J’ajoute à cela un troisième focus : la manière dont on doit faire évoluer le monde de l’entreprise pour qu’il reste attractif pour les générations Y et Z. J’ai eu l’énorme chance de travailler avec ces jeunes, via mon fonds d’investissement et le Venture Lab. J’ai pu apprendre qu’ils n’ont pas les mêmes aspirations en termes d’épanouissement professionnel que ma génération. Ils aspirent à un mode de travail beaucoup plus collaboratif, avec moins de hiérarchie. L’UWE organisera des séances de formation et de sensibilisation à ces nouvelles méthodes de management collaboratif. Nous le faisons avec la participation d’entreprises qui ont déjà franchi le cap. Je connais une PME d’une centaine de personnes où il n’y a plus de comité de direction. C’est impressionnant comme évolution.

Les chefs d’entreprise vous semblent-ils ouverts à ces types de management ?

Non, pas assez. Nous sommes tous convaincus de plein de choses mais nous avons la tête dans le guidon et nous reportons certaines décisions. J’ai connu cela en donnant mes formations au numérique : beaucoup étaient convaincus mais de là à prendre le temps d’appliquer les conseils… Il faut avancer vers ces managements collaboratifs sinon les jeunes ne sentiront pas bien dans nos entreprises.

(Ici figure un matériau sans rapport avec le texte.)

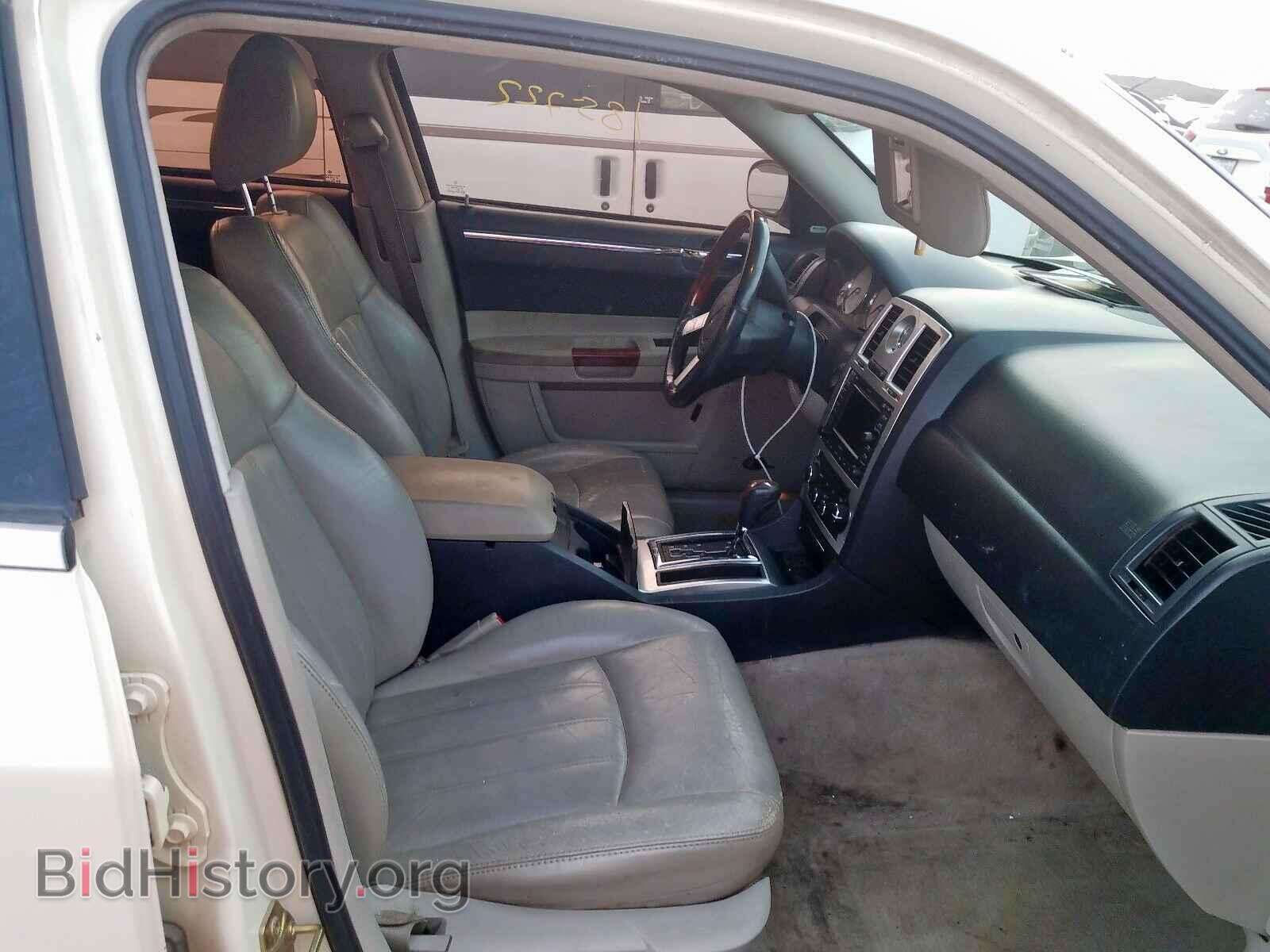 2005 CHRYSLER 300 - VIN: 2C3AA63H05H523032 - Фото 5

Une de mes axes fondamentaux sera aussi de mettre beaucoup plus l’accent sur le facteur humain. Une entreprise, c’est bien entendu des hommes et des femmes qui la créent et qui la dirigent. Mais c’est aussi tous les collaborateurs. Ils contribuent tous à la création de valeur ajoutée, au succès de ces superbes entreprises que nous connaissons en Wallonie. Je rêve que demain toutes les entreprises, de la start-up à la grande entreprise, se retrouvent dans une Union wallonne qui donne le leadership dans l’entrepreneuriat, qui donne du sens au parcours et au métier de l’entrepreneur.